Les demandeurs invoquent, à l'appui de leur pourvoi, les cinq moyens de cassation annexés au présent arrêt.
Le Défenseur des droits a présenté des observations le 1er février 2022, en application de l'article 33 de la loi organique n° 2011-333 du 23 mars 2011;
Le dossier a été communiqué au procureur général.

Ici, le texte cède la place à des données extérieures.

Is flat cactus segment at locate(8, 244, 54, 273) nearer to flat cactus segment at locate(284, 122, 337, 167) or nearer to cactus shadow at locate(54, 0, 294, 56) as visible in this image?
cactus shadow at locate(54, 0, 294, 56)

Sur le rapport de Mme Le Gall, conseiller référendaire, les observations et plaidoiries de la SCP Waquet, Farge et Hazan, avocat de Mme [J] et de M. [Y], de la SCP Duhamel-Rameix-Gury-Maitre, avocat du conseil de l'ordre des avocats du barreau de Lille, les observations du Défenseur des droits et l'avis de M. Poirret, premier avocat général, après débats en l'audience publique du 15 février 2022 où étaient présents M. Chauvin, président, Mme Le Gall, conseiller référendaire rapporteur, Mme Duval-Arnould, conseiller doyen, M. Vigneau, Mme Auroy, M. Hascher, Mme Antoine, MM. Avel, Mornet, Mme Poinseaux, M. Chevalier, conseillers, MM. Vitse, Duval, conseillers référendaires, M. Poirret, premier avocat général, et Mme Tinchon, greffier de chambre,
la première chambre civile de la Cour de cassation, composée, en application des articles R. 421-4-1, alinéa 2, et R. 431-5 du code de l'organisation judiciaire, des président et conseillers précités, après en avoir délibéré conformément à la loi, a rendu le présent arrêt ;
Faits et procédure
1. Selon l'arrêt attaqué ([Localité 6], 9 juillet 2020), par délibération du 24 juin 2019, notifiée aux membres du barreau le 27 juin, le conseil de l'ordre des avocats au barreau de Lille (le conseil de l'ordre) a modifié l'article 9.6 de son règlement intérieur, relatif aux rapports avec les institutions, par l'ajout d'un cinquième alinéa disposant : « l'avocat ne peut porter avec la robe ni décoration, ni signe manifestant ostensiblement une appartenance ou une opinion religieuse, philosophique, communautaire ou politique. »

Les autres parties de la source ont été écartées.